GIVEN ENTRIES:

*** Block opens ***

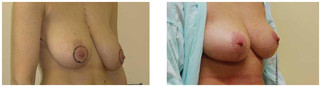 Podniesienie piersi z pomniejszeniem przed i po zabiegu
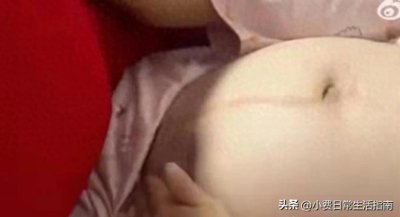 32周孕妇遭丈夫猛踢孕肚后续!皮肤青紫,知情人曝光内幕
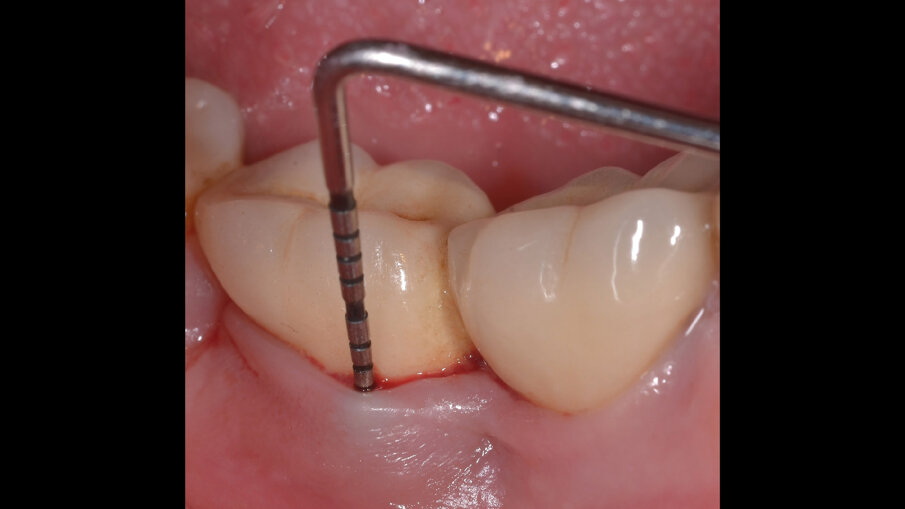 Fig. 1b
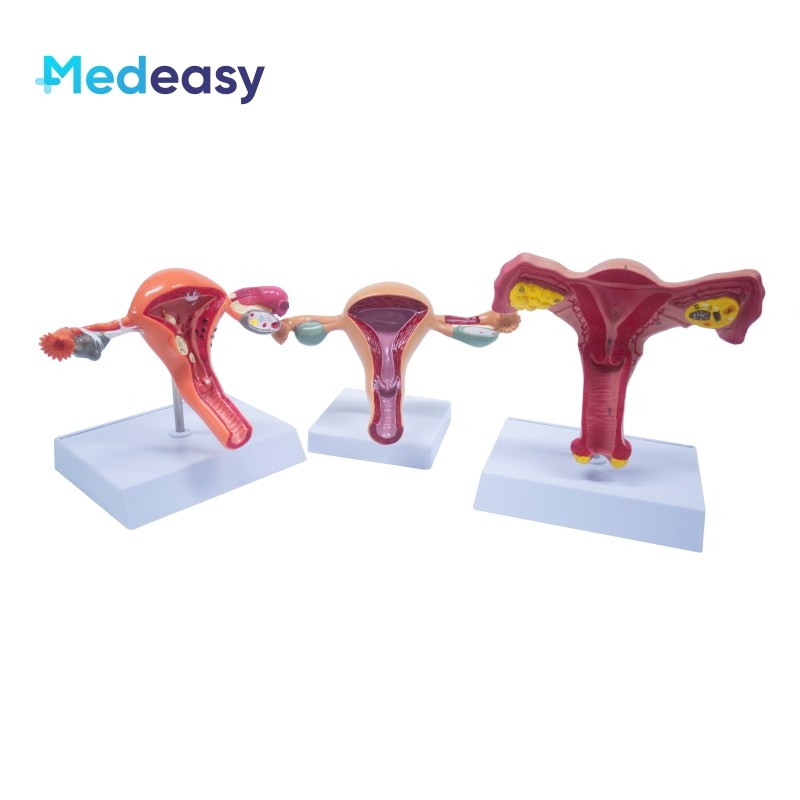EXCLUSIVE Female Uterus and Ovary Anatomical Model Vagina Model Plastic Uterus Model Normal/Diseased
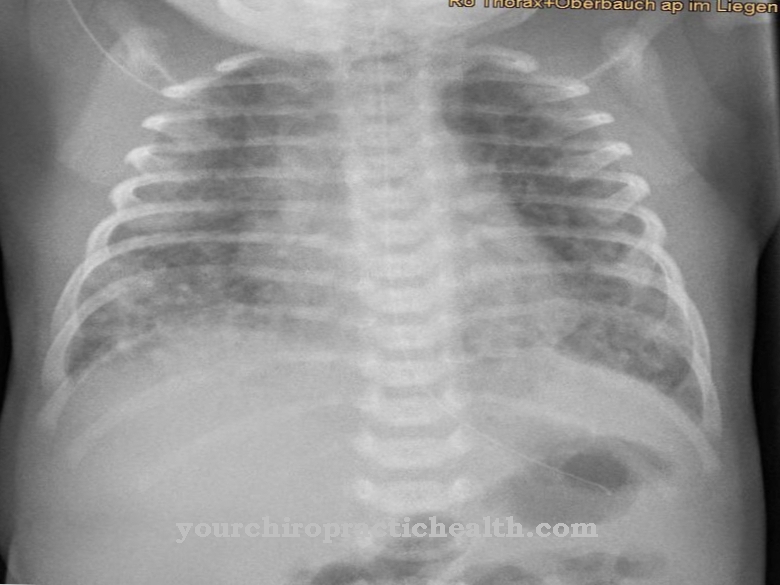 Newborn Respiratory Distress Syndrome (ANS)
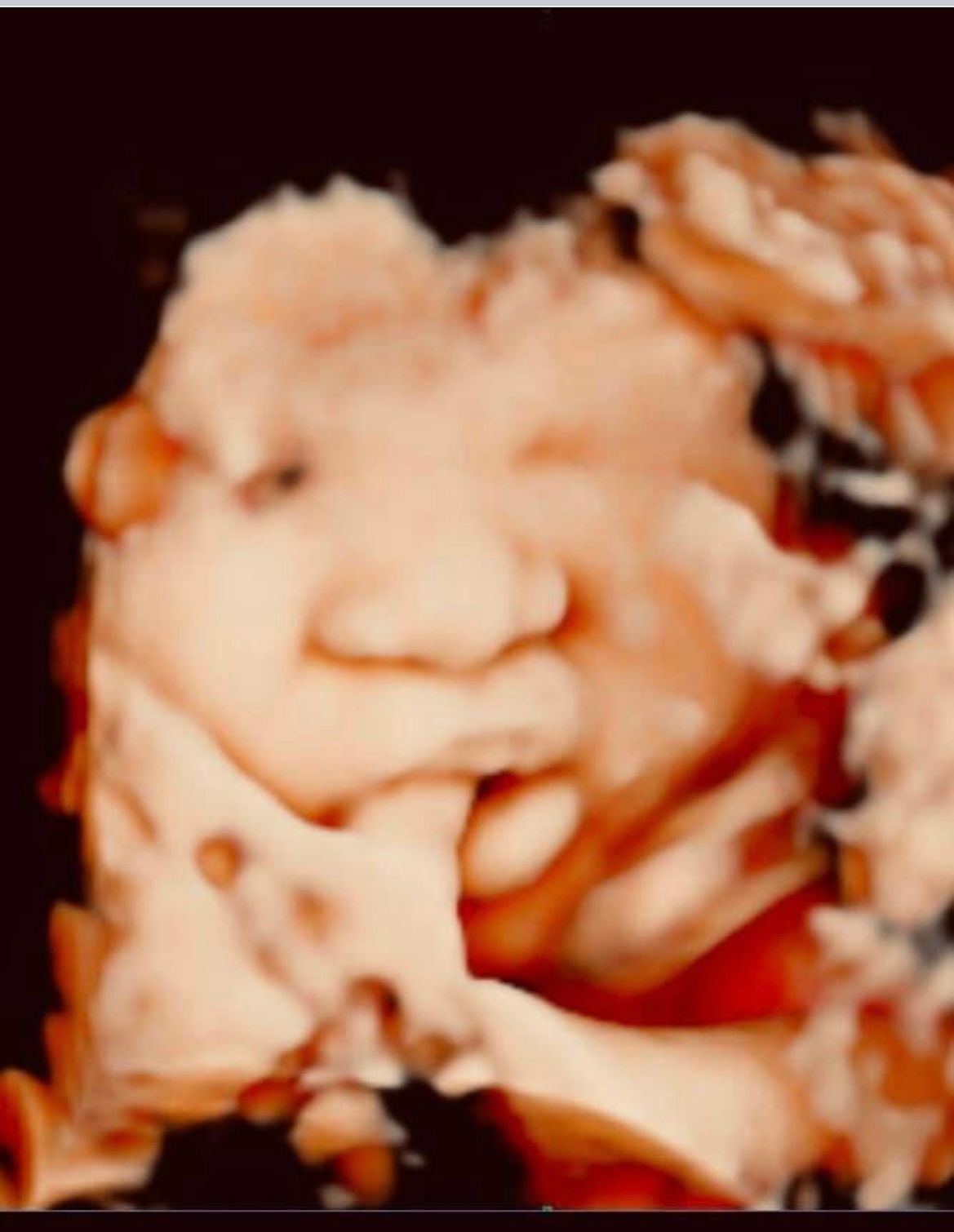 Ultrasound Studio Hagerstown, MD Baby to Be Boutique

*** Block closes ***

PROBLEM REQUIREMENTS: The complete set of records should be written out again, pictures excluded.

YOUR RESPONSE:
 Podniesienie piersi z pomniejszeniem przed i po zabiegu
 32周孕妇遭丈夫猛踢孕肚后续!皮肤青紫,知情人曝光内幕
 Fig. 1b
EXCLUSIVE Female Uterus and Ovary Anatomical Model Vagina Model Plastic Uterus Model Normal/Diseased
 Newborn Respiratory Distress Syndrome (ANS)
 Ultrasound Studio Hagerstown, MD Baby to Be Boutique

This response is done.